Alors comme ça, on n’aime pas les mathématiques ? On les trouve rébarbatives ? On fait partie de ceux qui proclament n’y avoir jamais rien compris ? Avoir toujours ressenti ce cours comme une torture ? On se dit littéraire, et rien que ça, parce que les deux, c’est impossible ? Bon, et bien, il reste une seule solution : lire Le Mystère des Nombres, sous-titré Odyssée Mathématique à travers notre Quotidien, de Marcus du Sautoy (1965), un Anglais persuadé que la passion des chiffres peut se transmettre, façon virus – et étant donné que cette certitude est partagée, allons-y.

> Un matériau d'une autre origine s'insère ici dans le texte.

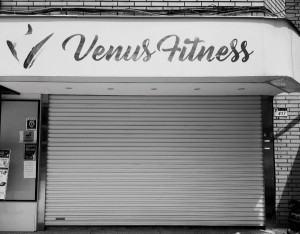 Venus Fitness健身房在2020年9月10日起無預警歇業，因仍有部分消費者未獲退款，故台北市府法務局23日發布消費警訊，提醒刷卡購課之消費者速向發卡銀行提起爭議帳款賠付申請；現金購課者速向法院聲請核發支付命令，以保障權益。（圖／翻攝Venus Fitness Facebook）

Autant l’annoncer d’emblée : non, ce livre ne parcourt pas les mathématiques de façon exclusivement ludique et intelligente (pour ça, voir l’excellent roman de Denis Guedj, Le Théorème du Perroquet) ; oui, quelques prérequis sont nécessaires ; oui aussi, il y a des pages où Marcus du Sautoy perd de vue le lecteur lambda pour se lancer dans des séries de démonstrations qui courent sur parfois deux ou trois pages et où l’on sent bien qu’il essaie de communiquer avec les humains normalement constitués mais n’a pas pu s’empêcher de sélectionner dans le lectorat les petits malins qui avaient maths fortes il y a vingt ans ou plus…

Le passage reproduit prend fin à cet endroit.